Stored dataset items
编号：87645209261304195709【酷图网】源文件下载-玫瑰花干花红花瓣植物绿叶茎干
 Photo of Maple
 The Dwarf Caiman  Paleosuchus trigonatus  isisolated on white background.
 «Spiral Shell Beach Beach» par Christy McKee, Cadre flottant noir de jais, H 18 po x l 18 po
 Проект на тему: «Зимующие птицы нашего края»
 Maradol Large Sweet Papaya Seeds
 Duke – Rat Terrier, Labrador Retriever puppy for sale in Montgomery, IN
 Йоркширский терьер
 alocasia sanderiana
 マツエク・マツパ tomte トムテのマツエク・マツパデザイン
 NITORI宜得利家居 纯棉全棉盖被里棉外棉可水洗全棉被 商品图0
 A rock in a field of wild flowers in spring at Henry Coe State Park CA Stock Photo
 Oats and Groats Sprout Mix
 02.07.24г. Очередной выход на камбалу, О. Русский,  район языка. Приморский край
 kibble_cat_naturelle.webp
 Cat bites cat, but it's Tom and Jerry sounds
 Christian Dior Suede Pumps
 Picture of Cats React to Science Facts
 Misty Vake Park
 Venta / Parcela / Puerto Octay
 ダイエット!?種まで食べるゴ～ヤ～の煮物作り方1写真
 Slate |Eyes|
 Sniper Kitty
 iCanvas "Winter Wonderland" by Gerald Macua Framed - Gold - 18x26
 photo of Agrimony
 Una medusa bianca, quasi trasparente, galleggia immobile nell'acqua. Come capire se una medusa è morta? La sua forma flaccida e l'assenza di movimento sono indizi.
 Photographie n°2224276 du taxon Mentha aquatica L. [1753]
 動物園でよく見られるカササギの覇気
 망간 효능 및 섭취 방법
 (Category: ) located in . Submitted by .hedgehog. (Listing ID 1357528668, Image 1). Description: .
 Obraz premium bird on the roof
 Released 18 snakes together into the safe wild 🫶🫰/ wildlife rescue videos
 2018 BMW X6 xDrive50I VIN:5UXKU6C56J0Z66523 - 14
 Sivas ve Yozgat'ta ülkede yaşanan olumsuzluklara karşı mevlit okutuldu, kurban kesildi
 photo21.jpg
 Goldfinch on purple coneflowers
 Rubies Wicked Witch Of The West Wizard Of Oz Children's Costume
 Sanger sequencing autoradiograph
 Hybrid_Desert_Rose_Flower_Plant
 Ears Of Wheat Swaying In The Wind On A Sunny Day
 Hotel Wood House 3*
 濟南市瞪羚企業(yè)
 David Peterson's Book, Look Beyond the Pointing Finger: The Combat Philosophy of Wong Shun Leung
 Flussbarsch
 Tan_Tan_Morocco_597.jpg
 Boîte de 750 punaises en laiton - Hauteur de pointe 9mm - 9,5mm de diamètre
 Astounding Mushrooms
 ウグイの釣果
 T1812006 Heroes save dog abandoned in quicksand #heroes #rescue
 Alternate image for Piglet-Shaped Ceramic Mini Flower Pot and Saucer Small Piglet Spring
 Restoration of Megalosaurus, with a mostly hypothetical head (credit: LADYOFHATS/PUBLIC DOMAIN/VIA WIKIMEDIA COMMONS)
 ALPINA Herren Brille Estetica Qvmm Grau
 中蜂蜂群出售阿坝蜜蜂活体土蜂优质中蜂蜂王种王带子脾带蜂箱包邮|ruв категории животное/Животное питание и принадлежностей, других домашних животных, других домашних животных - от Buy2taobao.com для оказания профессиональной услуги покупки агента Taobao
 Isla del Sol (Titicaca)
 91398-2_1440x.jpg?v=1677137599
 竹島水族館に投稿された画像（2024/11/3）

## TRY IT
Please retype the records above starting with the line that contains "中蜂蜂群出售阿坝蜜蜂活体土蜂优质中蜂蜂王种王带子脾带蜂箱包邮|ruв категории животное/Животное" and stopping after the last line, changing nothing.

## RESPONSE TO THE TASK
 中蜂蜂群出售阿坝蜜蜂活体土蜂优质中蜂蜂王种王带子脾带蜂箱包邮|ruв категории животное/Животное питание и принадлежностей, других домашних животных, других домашних животных - от Buy2taobao.com для оказания профессиональной услуги покупки агента Taobao
 Isla del Sol (Titicaca)
 91398-2_1440x.jpg?v=1677137599
 竹島水族館に投稿された画像（2024/11/3）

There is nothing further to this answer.